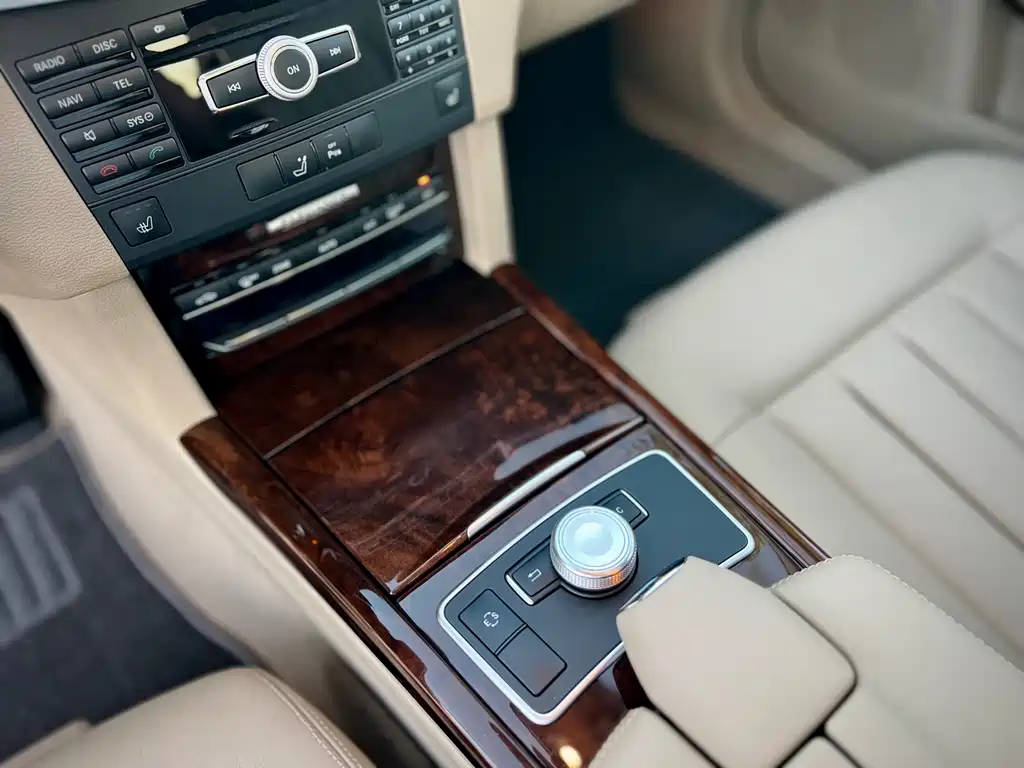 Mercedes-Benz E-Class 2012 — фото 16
---
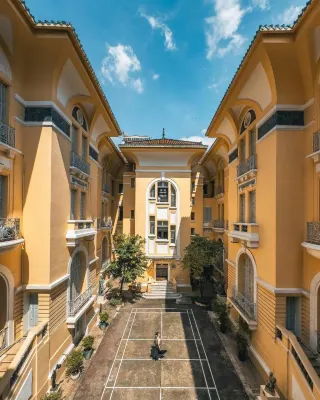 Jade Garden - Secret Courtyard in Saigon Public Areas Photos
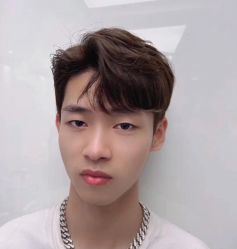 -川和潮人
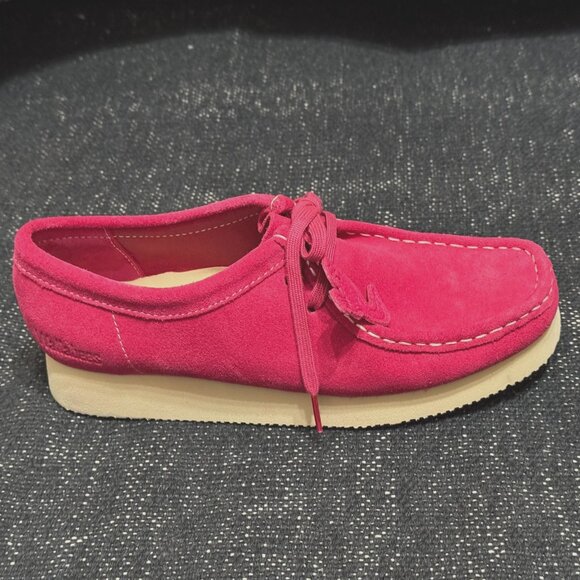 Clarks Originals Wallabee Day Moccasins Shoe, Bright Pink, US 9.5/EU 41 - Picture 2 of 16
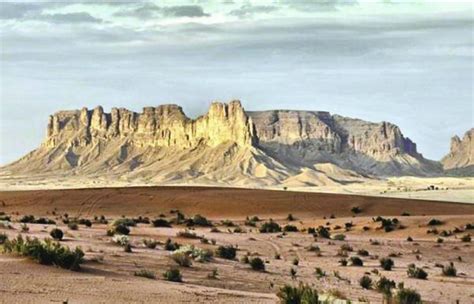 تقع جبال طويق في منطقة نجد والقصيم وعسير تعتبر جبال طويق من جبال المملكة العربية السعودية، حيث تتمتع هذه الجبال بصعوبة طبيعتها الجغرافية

_About this task_: From the records above, copy exactly the stretch from the line holding "Jade Garden - Secret" through the line holding "تقع جبال طويق", both ends included, without the pictures.

_Answer to this exercise_:
 Jade Garden - Secret Courtyard in Saigon Public Areas Photos
 -川和潮人
 Clarks Originals Wallabee Day Moccasins Shoe, Bright Pink, US 9.5/EU 41 - Picture 2 of 16
 تقع جبال طويق في منطقة نجد والقصيم وعسير تعتبر جبال طويق من جبال المملكة العربية السعودية، حيث تتمتع هذه الجبال بصعوبة طبيعتها الجغرافية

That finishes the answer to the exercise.